Hybrid Energy-Efficient Distributed Clustering (HEED)
[21] is a distributed clustering protocol that uses a hybrid
combination of the residual energy and the intra-cluster
communication cost as attribute for cluster head selection.
HEED ensures a uniform distribution of CHs across the
network and adjusts the probability of CH-selection to
ensure inter-CH connectivity. In its initialization phase,
HEED allows sensors to compute a probability of
becoming CH, proportional to its residual energy and to a
pre-determined percentage of CHs. Then, during a
repetition phase, sensors seek the best CH to connect to.
If no CH is found, the sensor doubles its probability to
become CH and broadcasts it again to its neighbors, and
so forth. This phase stops either when this probability
equals 1 (i.e: the sensor elects itself as CH) or when it
finds a CH to connect to.
Energy-efficient Strong Head clustering (EESH) [17]
is a recently published clustering protocol. In EESH,
nodes are promoted CHs according to their respective
residual energies, their respective degrees and the
distance to and the residual energy of their neighbors. For
that, EESH evaluates a cost function for every sensor in
the network and iteratively elects the node having the
greatest cost as CH. This process terminates when all the
sensors in the network are connected to at least one CH.

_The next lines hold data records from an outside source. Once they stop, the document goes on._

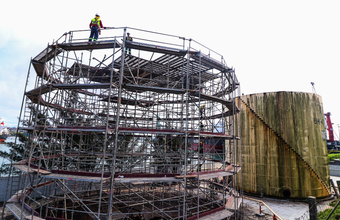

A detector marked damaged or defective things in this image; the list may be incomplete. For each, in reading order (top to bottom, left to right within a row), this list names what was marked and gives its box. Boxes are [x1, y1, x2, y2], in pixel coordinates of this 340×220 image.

rusty tank surface [236, 91, 330, 199]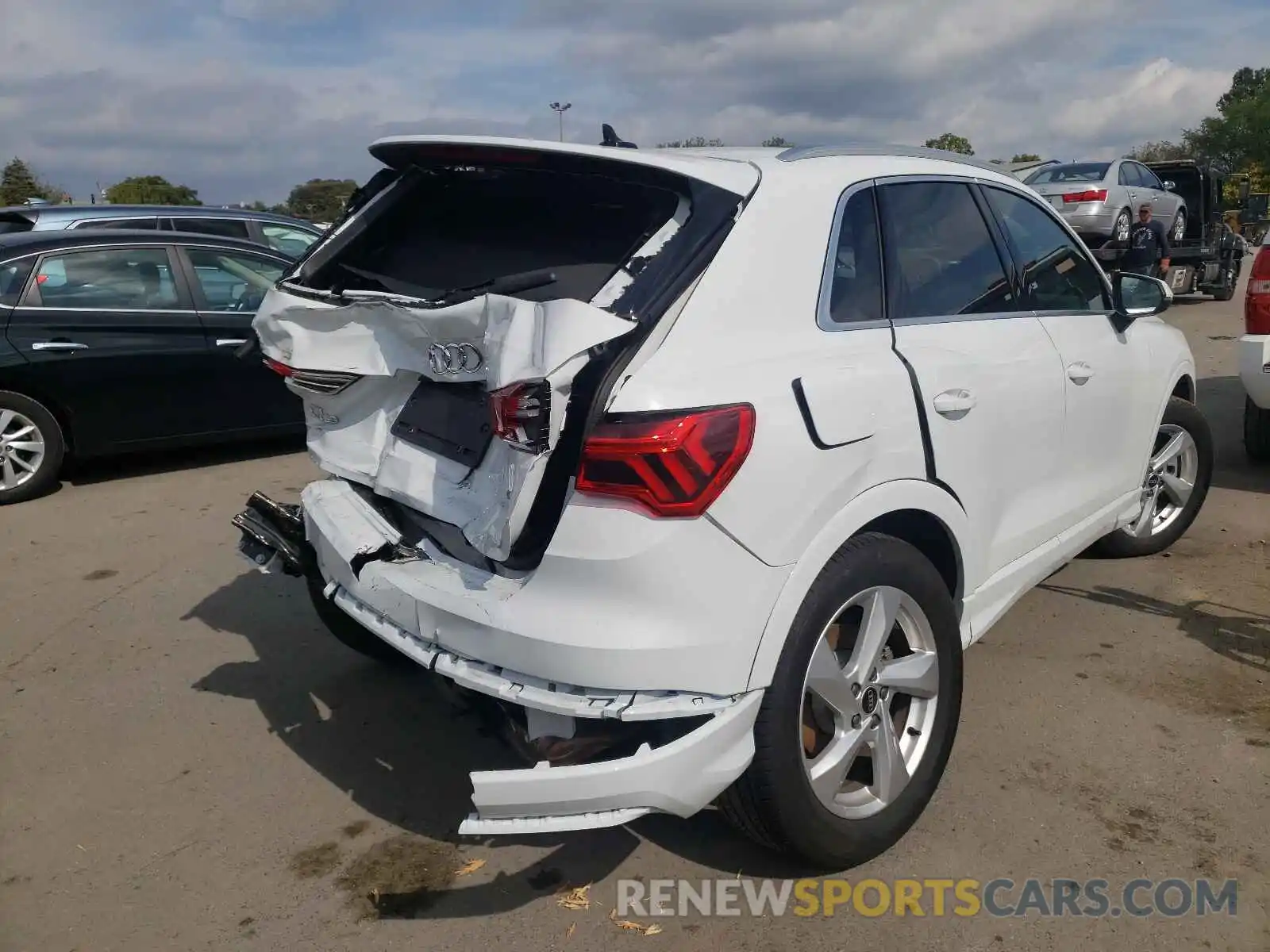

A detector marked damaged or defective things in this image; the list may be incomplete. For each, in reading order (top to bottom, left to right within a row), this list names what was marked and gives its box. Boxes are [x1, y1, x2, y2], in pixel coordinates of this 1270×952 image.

broken tail light [1056, 191, 1107, 204]
broken tail light [1239, 246, 1270, 335]
torn metal panel [254, 289, 640, 559]
broken tail light [487, 381, 548, 454]
broken tail light [576, 403, 752, 517]
damaged rear bumper [233, 487, 777, 838]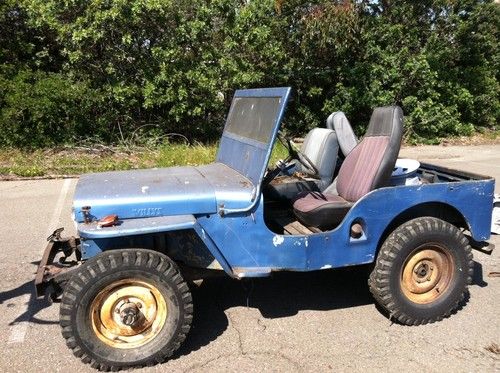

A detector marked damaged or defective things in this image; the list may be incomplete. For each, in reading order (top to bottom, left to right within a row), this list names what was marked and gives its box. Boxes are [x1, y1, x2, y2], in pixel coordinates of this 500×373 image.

cracked asphalt [0, 144, 498, 370]
rusted wheel rim [400, 246, 456, 304]
rusted wheel rim [90, 278, 168, 348]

EESH has been shown to outperform HEED and LEACH,
so we used it as a comparative base in our performance
evaluation.
Traditionally, the sensors are deployed in a redundant
fashion. Since sensor nodes might generate significant
redundant data, similar packets from multiple nodes can
be aggregated so that the number of transmissions would
be reduced. Data aggregation combines data from
different sources by using functions such as suppression
(eliminating duplicates), min, max and average [22].

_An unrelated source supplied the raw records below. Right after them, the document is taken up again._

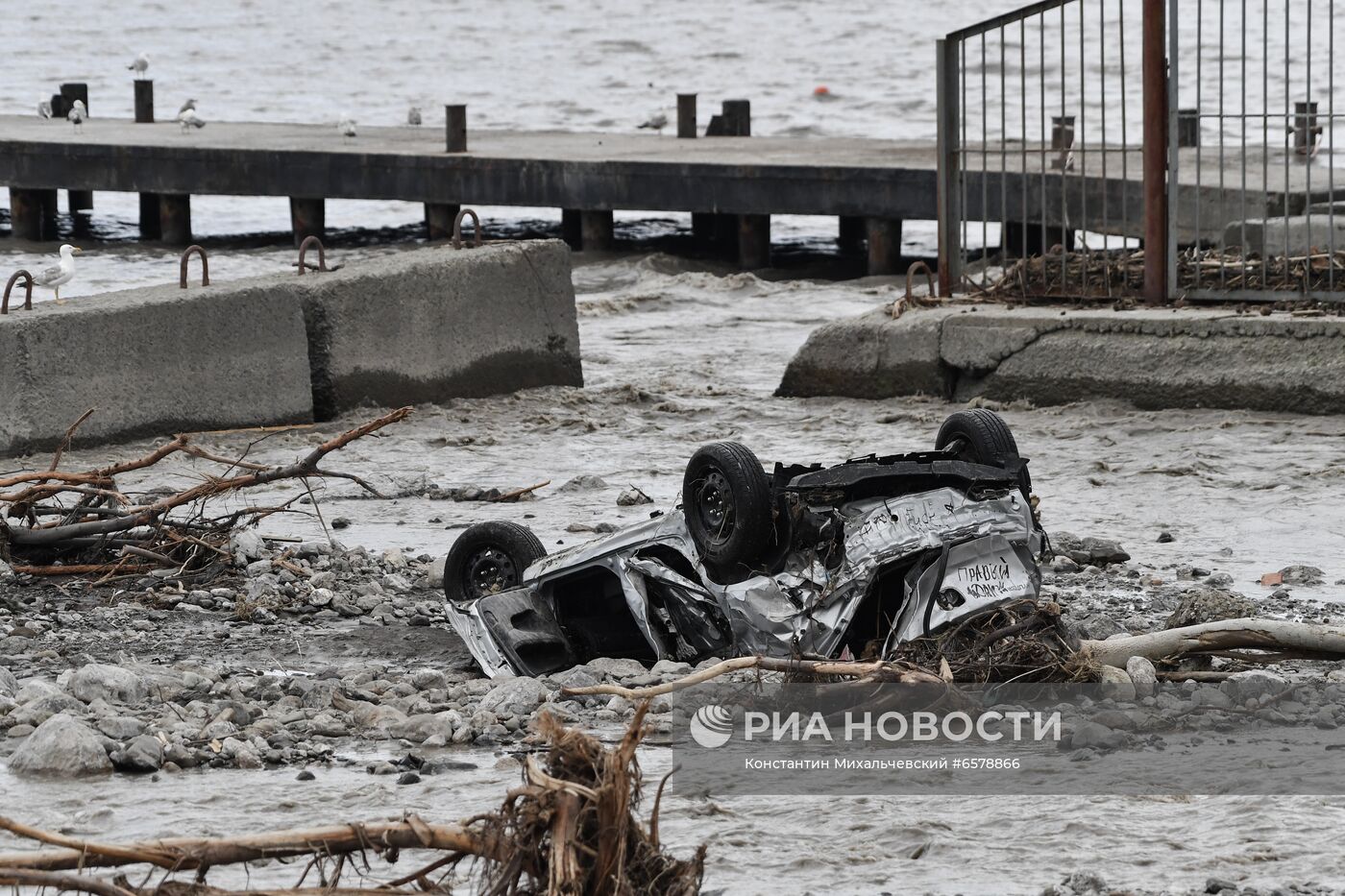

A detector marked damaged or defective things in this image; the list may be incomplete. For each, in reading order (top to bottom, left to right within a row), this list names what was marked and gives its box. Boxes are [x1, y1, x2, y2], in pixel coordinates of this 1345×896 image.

rusted metal bracket [452, 208, 484, 247]
rusty metal hook [452, 208, 484, 249]
rusty metal hook [179, 242, 209, 287]
rusted metal bracket [180, 242, 208, 287]
rusty metal hook [298, 233, 330, 271]
rusted metal bracket [298, 233, 330, 271]
rusty metal hook [1, 269, 34, 313]
rusted metal bracket [1, 269, 34, 313]
overturned car [446, 408, 1043, 672]
wrecked car body [446, 408, 1043, 672]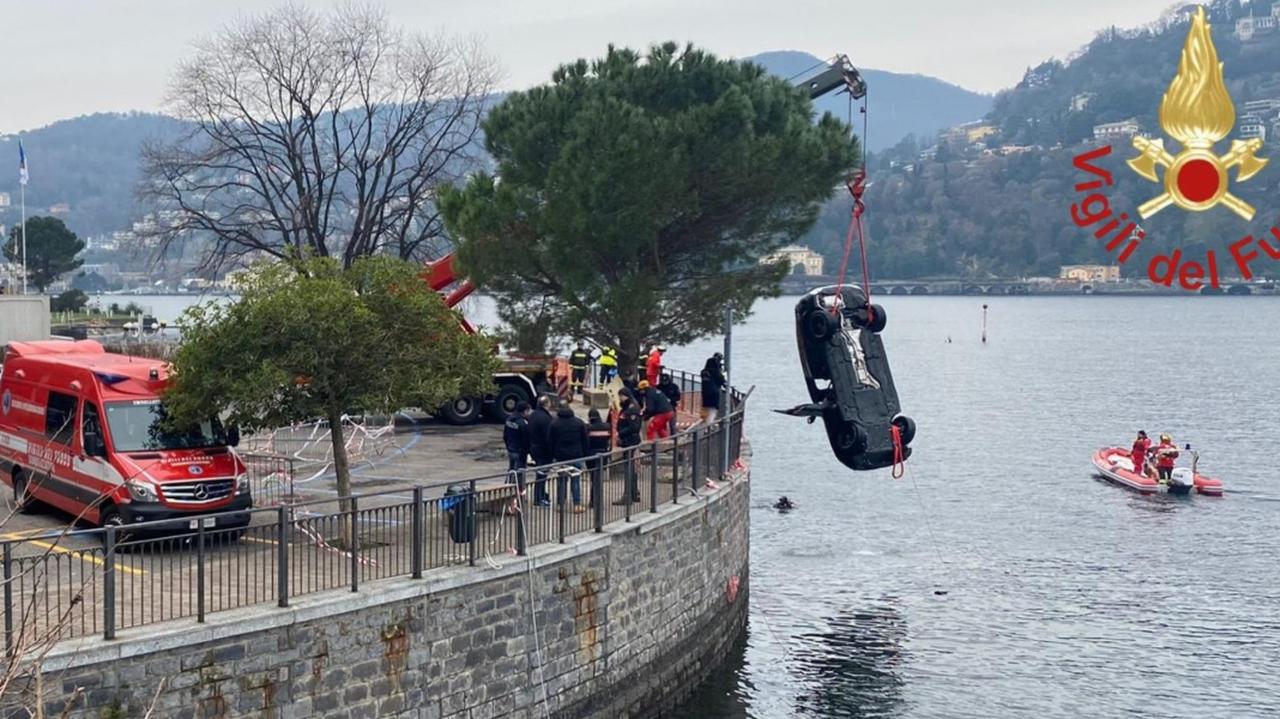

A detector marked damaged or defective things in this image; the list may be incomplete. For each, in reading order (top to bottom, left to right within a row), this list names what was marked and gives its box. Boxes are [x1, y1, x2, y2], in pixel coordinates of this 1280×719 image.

overturned car [776, 284, 916, 470]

Some of these functions can be performed either partially
or fully in each sensor node, by allowing sensor nodes to
conduct in-network data reduction. Recognizing that
computation would be less energy consuming than
communication, substantial energy savings can be
obtained through data aggregation.
In the cased of allowing for an approximate result, and
not requiring an exact answer, enables exploiting the
correlations in the sensor data by selecting a small subset
of sensor nodes called representative set whose signal
data values will represents the whole sensor networks
with sufficient accuracy.
This technique has been used to achieve energy
efficiency and traffic optimization in a number of routing
protocols. YOON and SHAHABI have proposed a
clustered aggregation (CAG) technique leveraging spatial
and temporal correlations in wireless sensor networks [23,
24].
III. CAG CLUSTERING TECHNIQUE FOR AGGREGATION
In-network query processing and data aggregation are
widely used to save energy, increase scalability, and
reduce computation in many monitoring applications of
WSN [25, 26].
TAG, the landmark in-network query processing
system, constructs a query routing tree and performs in-
network aggregation along the tree [27].
TAG operates as follows: users pose aggregation
queries from a powered, storage-rich base station.

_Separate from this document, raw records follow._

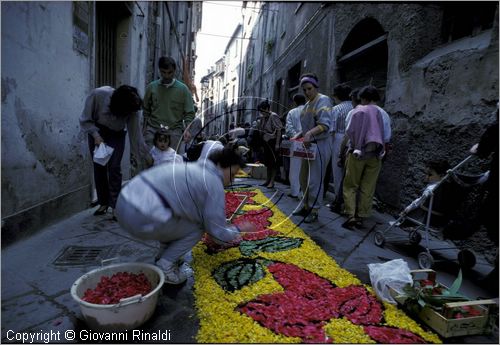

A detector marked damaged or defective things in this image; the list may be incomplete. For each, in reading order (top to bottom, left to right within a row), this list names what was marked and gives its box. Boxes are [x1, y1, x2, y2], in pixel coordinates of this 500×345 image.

peeling plaster wall [1, 2, 90, 218]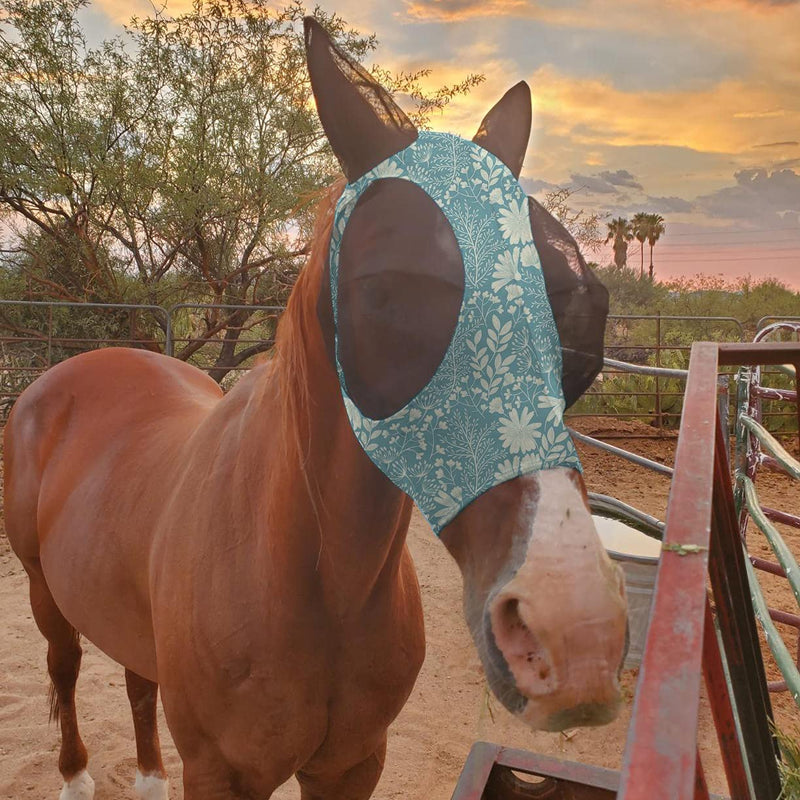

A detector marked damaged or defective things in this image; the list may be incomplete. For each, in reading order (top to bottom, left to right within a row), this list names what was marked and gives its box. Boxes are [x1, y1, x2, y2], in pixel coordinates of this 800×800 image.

rusty metal frame [450, 340, 800, 800]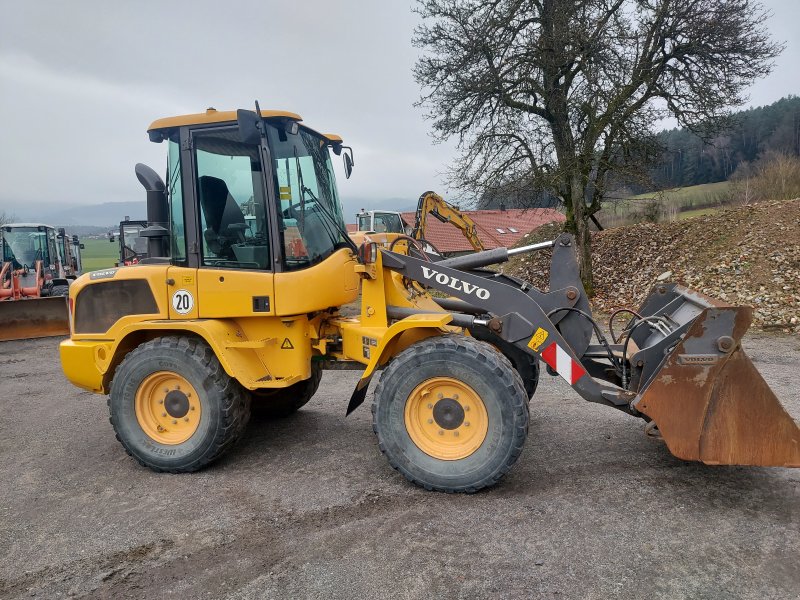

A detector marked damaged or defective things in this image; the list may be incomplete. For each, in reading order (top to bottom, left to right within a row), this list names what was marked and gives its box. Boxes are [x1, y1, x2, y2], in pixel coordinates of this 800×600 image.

rusty bucket [0, 296, 69, 342]
rusty bucket [636, 308, 796, 466]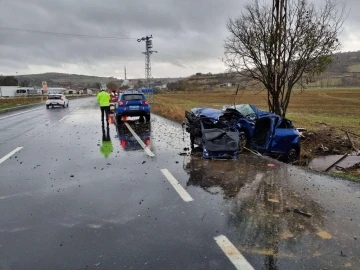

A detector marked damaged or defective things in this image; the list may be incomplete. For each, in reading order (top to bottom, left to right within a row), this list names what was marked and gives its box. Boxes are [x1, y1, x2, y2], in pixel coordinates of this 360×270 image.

severely damaged blue car [184, 104, 300, 161]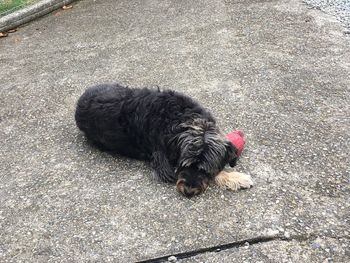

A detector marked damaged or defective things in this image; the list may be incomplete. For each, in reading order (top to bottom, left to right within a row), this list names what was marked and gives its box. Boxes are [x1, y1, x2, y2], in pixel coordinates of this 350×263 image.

crack in pavement [136, 234, 350, 262]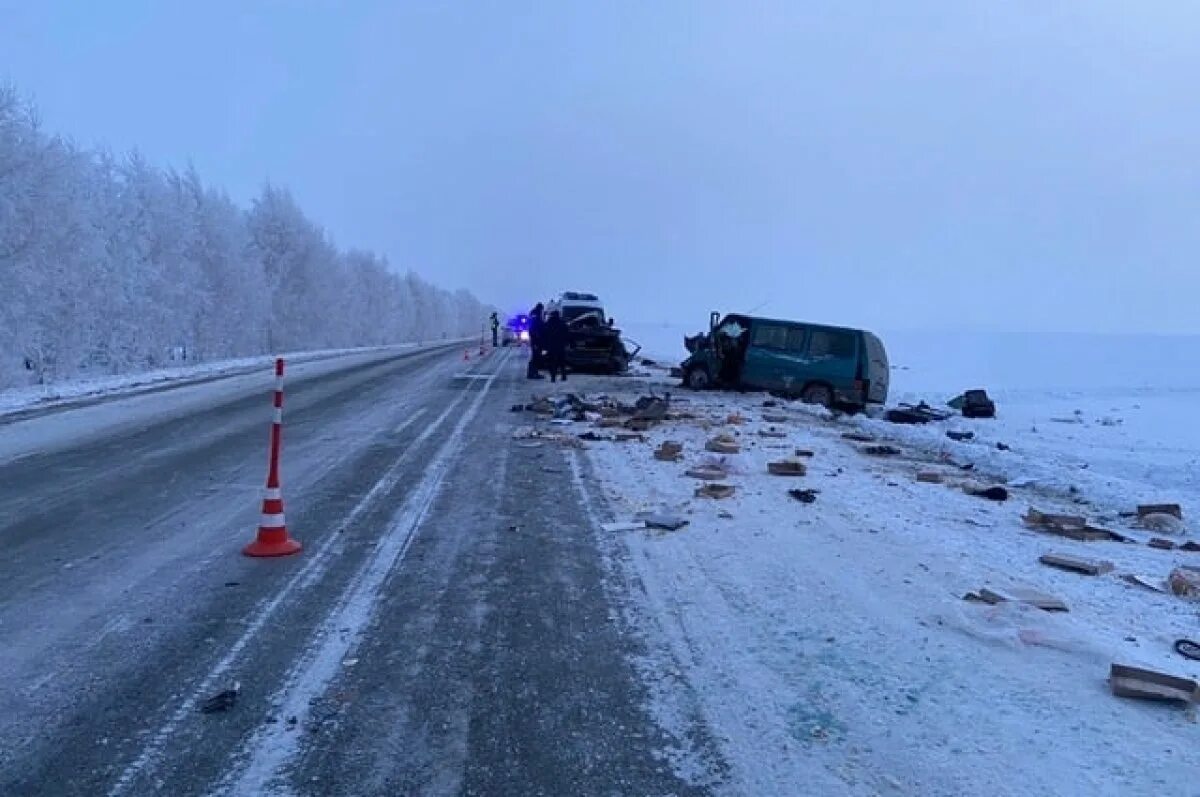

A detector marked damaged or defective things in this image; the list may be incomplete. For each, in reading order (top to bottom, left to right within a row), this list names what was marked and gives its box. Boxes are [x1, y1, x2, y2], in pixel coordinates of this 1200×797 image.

minivan's broken window [806, 326, 854, 357]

Operators that implement the query are distributed into
the network by piggybacking on the existing ad hoc
networking protocol. Sensors route data back towards the
user through a routing tree rooted at the base station. As
data flows up this tree, it is aggregated according to an
aggregation function and value-based partitioning
specified in the query. As an example, consider a query
that counts the number of nodes in a network of
indeterminate size.
First, the request to count is injected into the network;
Then, each leaf node in the tree reports a count of 1 to
their parent;
Interior nodes sum the count of their children, add 1 to
it, and report that value to their parent;
Counts propagate up the tree in this manner, and flow
out at the root.
CAG branches out from TAG for further energy saving
by using spatial correlation of data to improve existing
in-network aggregation mechanisms.
CAG forms clusters of the sensor nodes sensing similar
values and transmits only a single value per cluster as
opposed to a single value per node as in TAG like
schemes. Thus, CAG can significantly reduce the number
of transmissions, which results in energy savings while
incurring a small error in the query result.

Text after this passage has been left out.